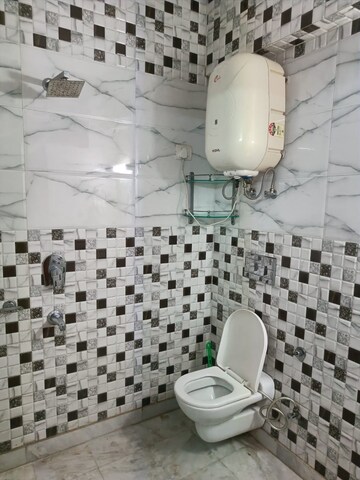 Bathroom in 1 RK Apartment at Khirki Extension – for Rent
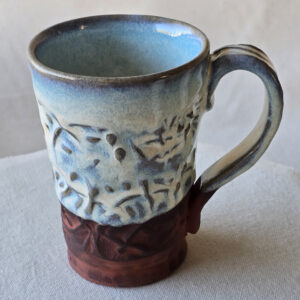 A beautiful opalescent colored mug with hints of blue floating through.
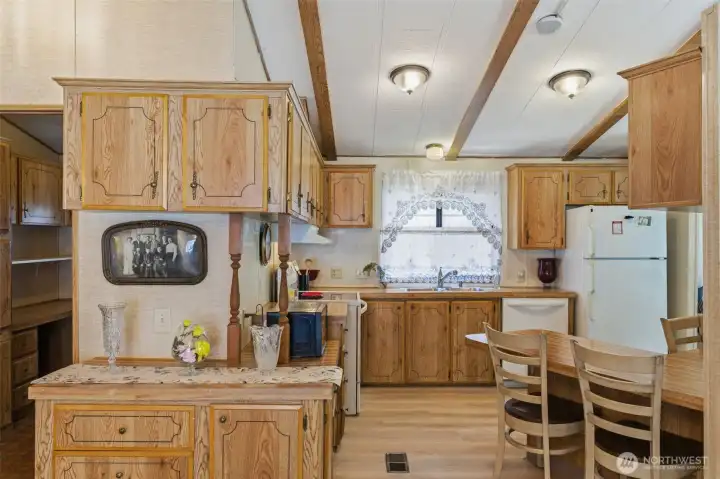 Serving Bar adjacent to the Kitchen makes Family Room movie nights more fun!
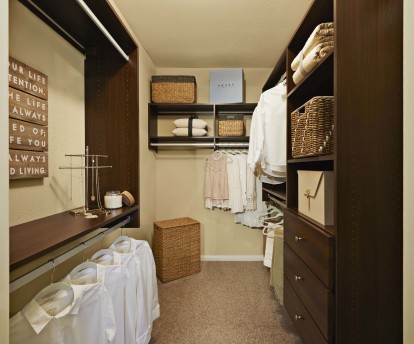 Spacious walk in closet with storage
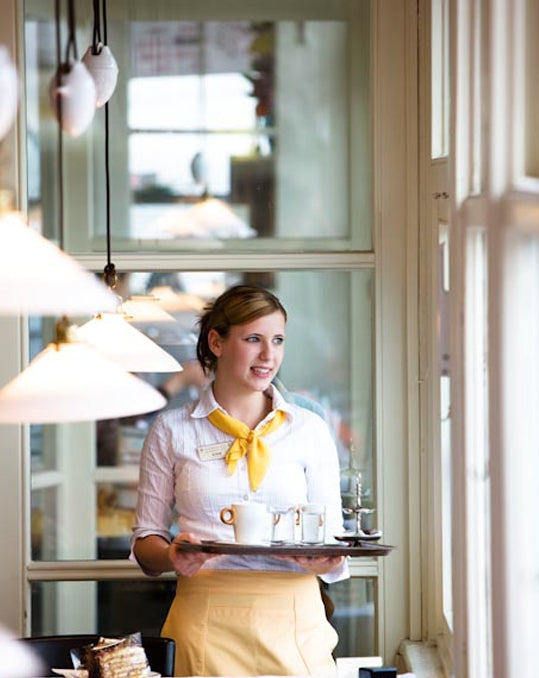 Café Mariazellerhof: Servicekraft mit Tablett und Kaffeeservice am Fenster, gemütliches Interieur.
────────
▸ Work required:
Give every line above again exactly, omitting whatever pictures appear.

▸ Exercise result:
 Bathroom in 1 RK Apartment at Khirki Extension – for Rent
 A beautiful opalescent colored mug with hints of blue floating through.
 Serving Bar adjacent to the Kitchen makes Family Room movie nights more fun!
 Spacious walk in closet with storage
 Café Mariazellerhof: Servicekraft mit Tablett und Kaffeeservice am Fenster, gemütliches Interieur.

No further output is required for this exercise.